A very innocuous and politically correct description of what the holiday of Purim is all about is given by Wikipedia:
Purim is a Jewish holiday that commemorates the saving of the Jewish people from Haman, who was planning to kill all the Jews. This took place in the ancient Persian Empire. The story is recorded in the Biblical Book of Esther.
In reality, however, the holiday is a celebration of the slaughter of thousands of Gentiles. Here is what the Book of Esther has to say on the topic:
In the citadel of Susa, the Jews killed and destroyed five hundred men. They also killed Parshandatha, Dalphon, Aspatha, Poratha, Adalia, Aridatha, Parmashta, Arisai, Aridai and Vaizatha, the ten sons of Haman son of Hammedatha, the enemy of the Jews.But they did not lay their hands on the plunder.
The number of those killed in the citadel of Susa was reported to the king that same day. The king said to Queen Esther, “The Jews have killed and destroyed five hundred men and the ten sons of Haman in the citadel of Susa. What have they done in the rest of the king’s provinces? Now what is your petition? It will be given you. What is your request? It will also be granted.”
“If it pleases the king,” Esther answered, “give the Jews in Susa permission to carry out this day’s edict tomorrow also, and let Haman’s ten sons be impaled on poles.”
So the king commanded that this be done. An edict was issued in Susa, and they impaled the ten sons of Haman. The Jews in Susa came together on the fourteenth day of the month of Adar, and they put to death in Susa three hundred men, but they did not lay their hands on the plunder.
Meanwhile, the remainder of the Jews who were in the king’s provinces also assembled to protect themselves and get relief from their enemies.
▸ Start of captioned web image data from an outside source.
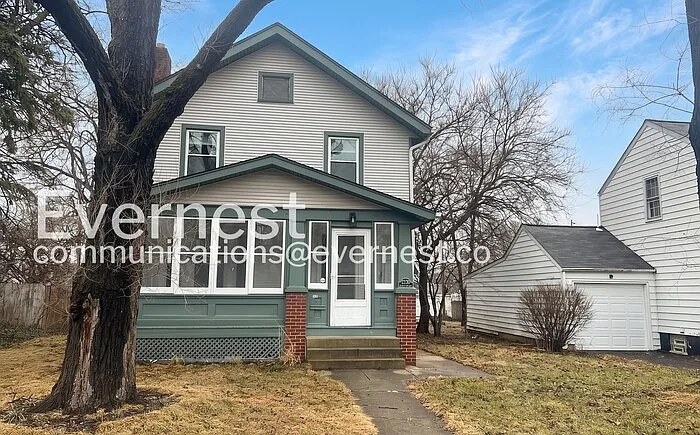2730 Elliott Ave photo 1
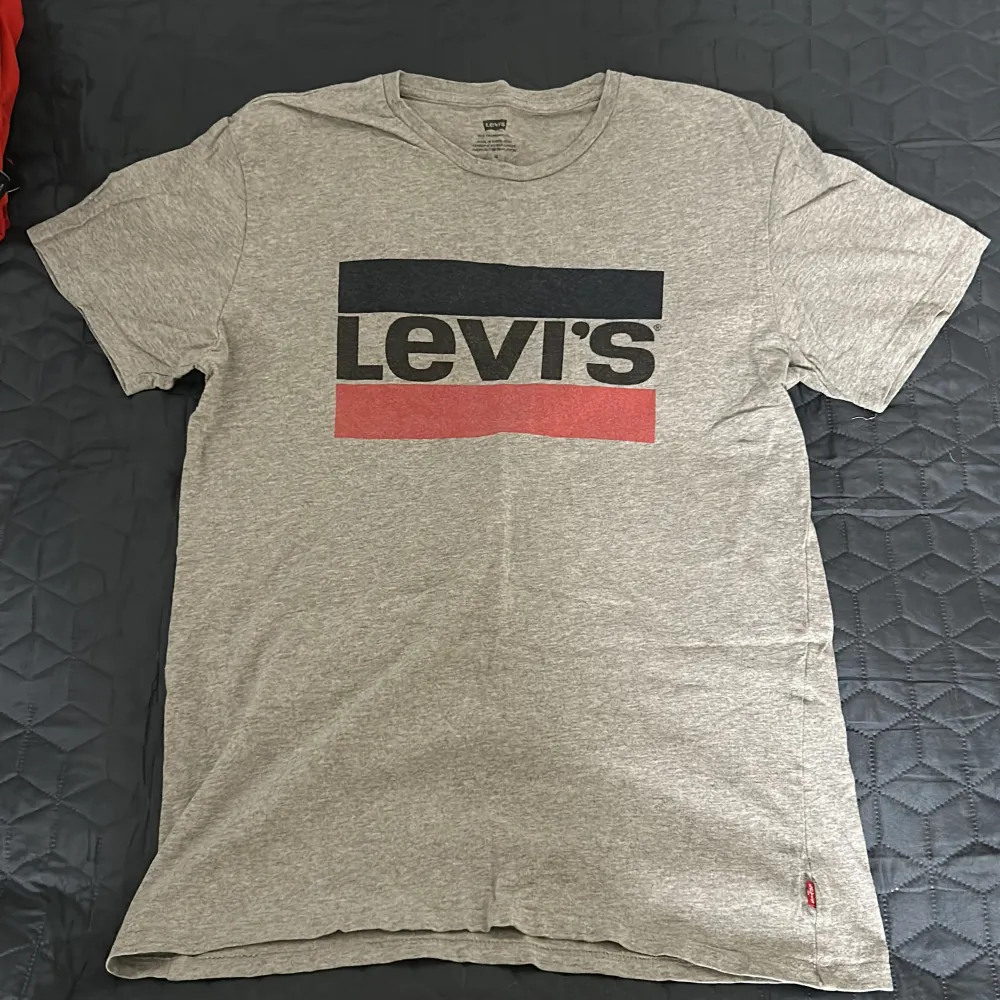 Clean Levis tshirt med stort tryck. köptes för längesen men ej särskilt använd, 9/10. T-shirts.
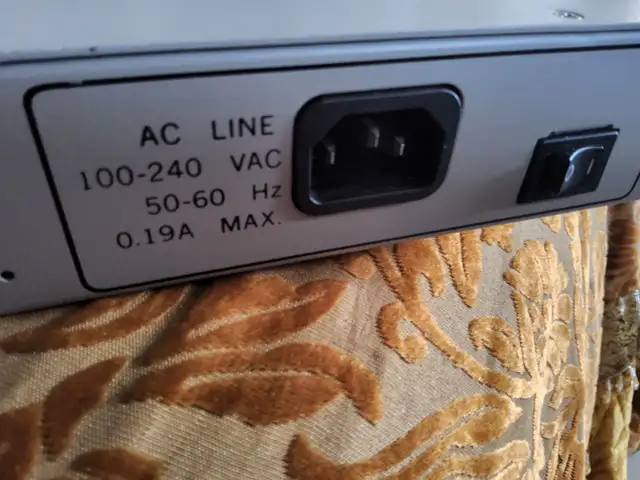 D-LINK  - DE- 816TP -ethernet hub482653432018391046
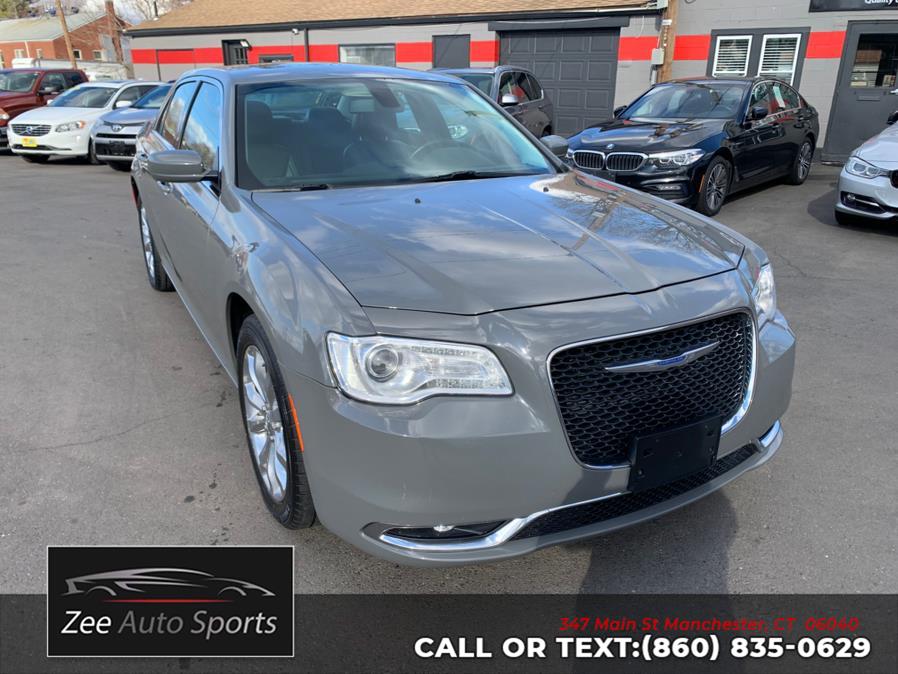 2017 Chrysler 300 Limited AWD photo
They killed seventy-five thousand of them but did not lay their hands on the plunder. This happened on the thirteenth day of the month of Adar, and on the fourteenth they rested and made it a day of feasting and joy.
So according to the text, more than 75,000 people were killed. And this is what led the Jews to mark it as “a day of feasting and joy.” And that is how it is celebrated today in Israel. Here is what an Israeli tourist site has to say about contemporary Purim celebrations in the Jewish state:
Purim is one of the most widely celebrated festivals in Israel. Purim in Israel is embraced by the whole country, from religious Jews in Jerusalem to secular Tel Avivians, it is a time of festivity and celebrated far beyond its original religious roots. Purim parties take place across Israel, with Purim street parties with carnival atmospheres taking place in almost every city, town and village in the country. Purim is also one of the biggest nights of the year at clubs up and down the country. With so much going on, and so much color in the amazing costumes that can be seen, Purim in Israel is a fascinating time to be in the country.
You can also go here and read a Chabad report about Purim celebrations in 91 other countries around the world, including here in the United States. Here is what it says about a Purim event scheduled for Saturday night in Los Angeles:
Roll out the red carpet and bring on the paparazzi: Rabbi Mendel Simons, director of the Young Jewish Professionals in Los Angeles, is getting ready to host an Oscars-worthy evening on Saturday night. He and his wife, YJP co-director Rachael Simons, plan to welcome a whopping 600 people to the upscale Continental Club for a night of Purim festivities themed around Hollywood of yore. The event is being co-hosted by Moshe and Rivky Greenwald, co-directors of Chabad of Downtown Los Angeles.
Reading the above kind of makes you wonder why we’ve never seen a Hollywood movie depicting the Esther story. Of course, the movie would have to end with the slaughter of thousands of Gentiles and the subsequent Jewish celebrations–a denouement that might result in moviegoers leaving theaters feeling a tad bit disquieted.